Monday, February 23, 2009
Murdoch Hasn't Given Up on Print or Newspapers
The New York Times - Rupert Murdoch had an office built for him at The Wall Street Journal within days of buying it 14 months ago, and he has made ample use of it — ordering up a wave of changes in the once-staid paper’s content and culture, from the addition of a weekly sports page to general news displacing financial news on the front page to the thinning of its layers of editing.
But Mr.
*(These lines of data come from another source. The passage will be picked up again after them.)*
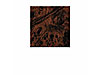Steering Wheel Half Wrap Simulated burlwood - image 1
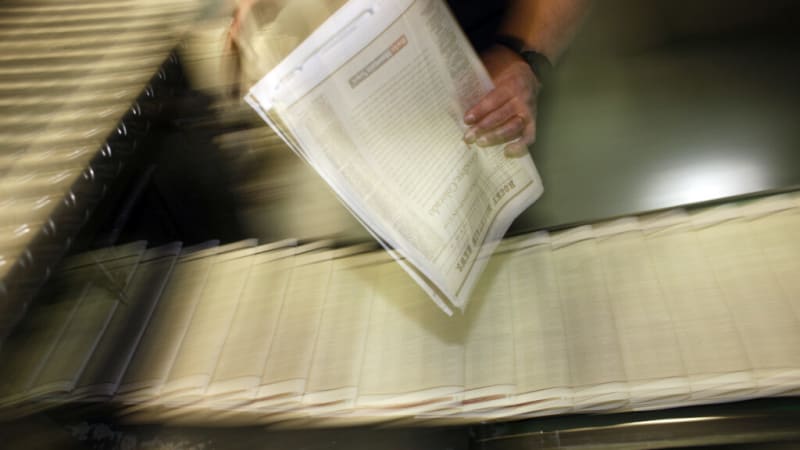 Behind the Byline: STAT's Journalists Reflect on 2025's Most Impactful Health Stories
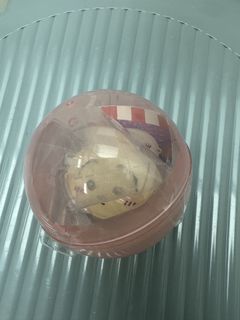 （分類：）位於 。 由 rrrizz 提交（商品編號 1456330739，圖片 1）。簡介： 。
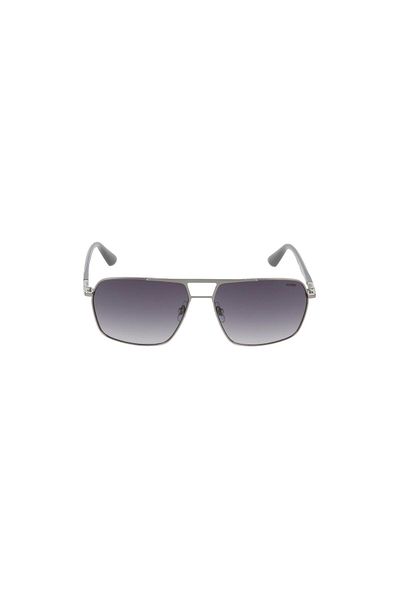 HAWK Hw2110 03 Men's Sunglasses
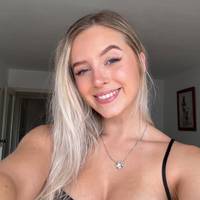 sometimes you just cant explain 54 pics 3.html - 54 HD Photos | Premium Gallery 2019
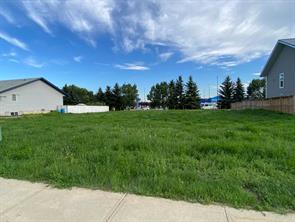 89 Upland Boulevard W, Brooks, Alberta T1R 0R1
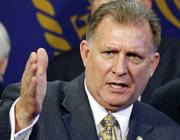 FILE - In this March 2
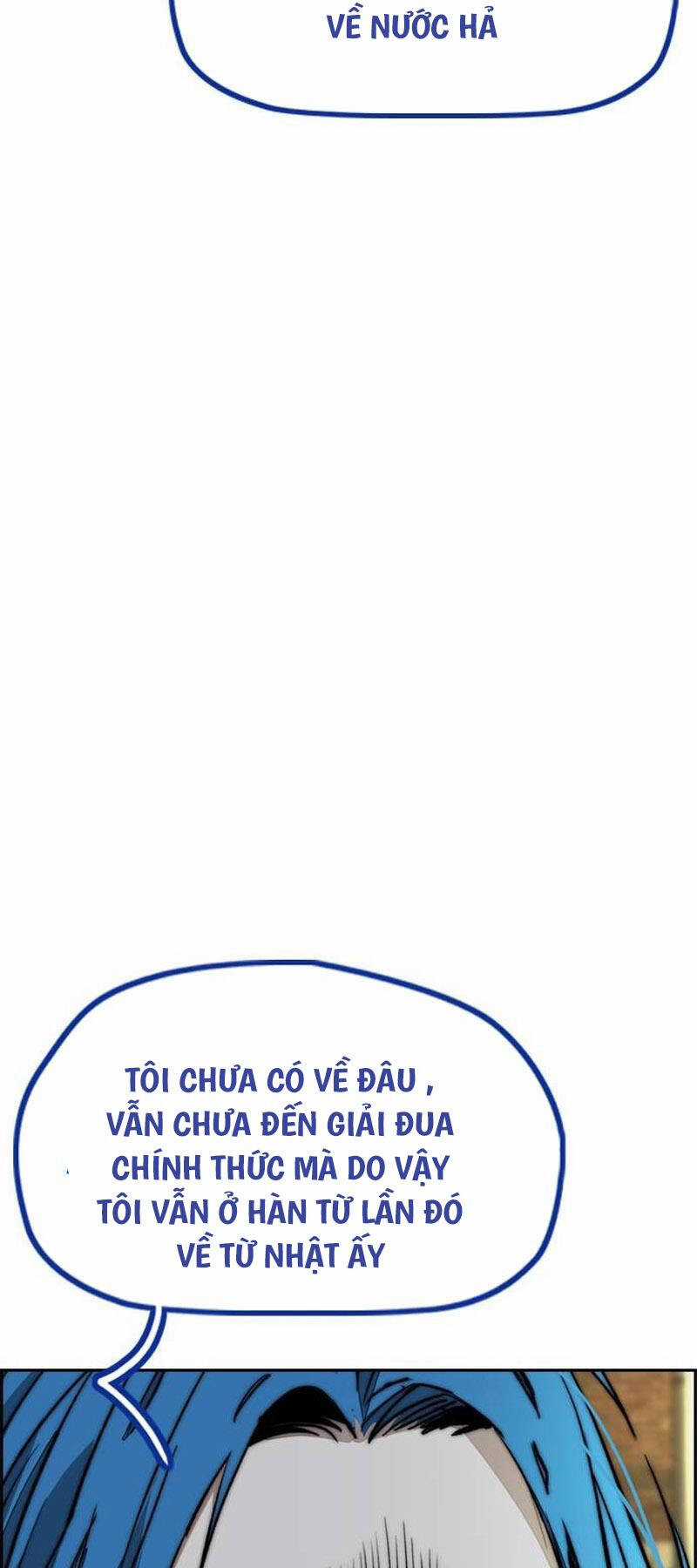 Wind Breaker Chapter 495 trang 17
Murdoch, as much old-fashioned press baron as 21st century multimedia mogul, faces a depressing reality: his lifelong fondness for newspapers has become a significant drag on the fortunes of his company, the News Corporation.
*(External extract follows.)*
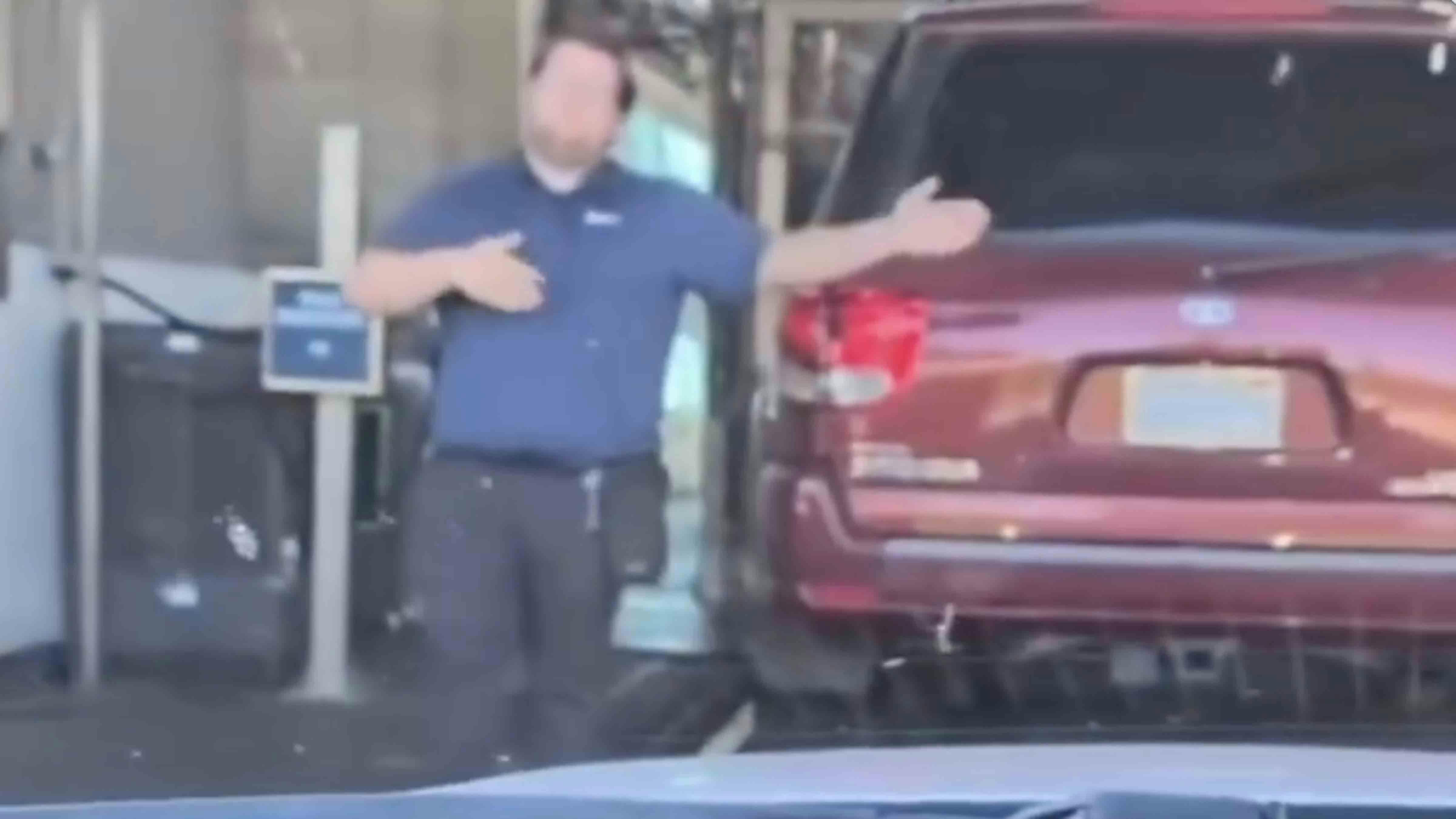 One more for 1 29 26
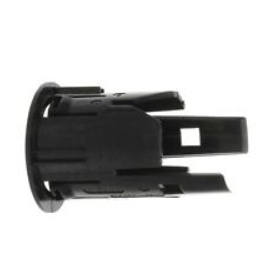 Nissan-Renault-Infiniti Bracket-28452-7S200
The company recently took $8.4 billion in write-downs, including $3 billion on its newspaper unit, which includes The Journal’s publisher, Dow Jones & Company. Meanwhile, the News Corporation’s stock price has fallen by two-thirds in the last year, a sharper decline than at media conglomerate peers like Time Warner and Viacom.
In more vibrant economic times, investors and Wall Street analysts were more willing to look past Mr. Murdoch’s attachment to newspapers — the newspaper segment is now the company’s biggest single source of revenue, about 19 percent in the most recent quarter. But they find that a tougher chore these days, as other media struggle and newspapers suffer through their worst slump since the Depression.
“The thing I hear from investors is that they wish News Corp. was everything but newspapers,” said David C. Joyce, media analyst at Miller Tabak & Company.
“Investors are more forgiving when they are in a better mood,” he said. “The hope for a turnaround in the newspaper business is looking elusive.”
The declining economy and the sinking fortunes of print publications have placed in stark relief Mr. Murdoch’s love of newspapers and his deal to acquire Dow Jones just before the recession set in. Mr. Murdoch, chairman and chief executive of the News Corporation, paid more than $5 billion for an asset that generated about $100 million in operating income last year, a price that now looks like a staggering overpayment. Mr. Murdoch declined to comment for this article.
On the surface, the News Corporation’s Feb. 5 earnings report, for the quarter that ended Dec. 31, appeared to show a nearly $90 million increase in newspaper division revenue from a year earlier. But that was an illusion created by the addition of Dow Jones, which the News Corporation owned for only 18 days of the year-ago period.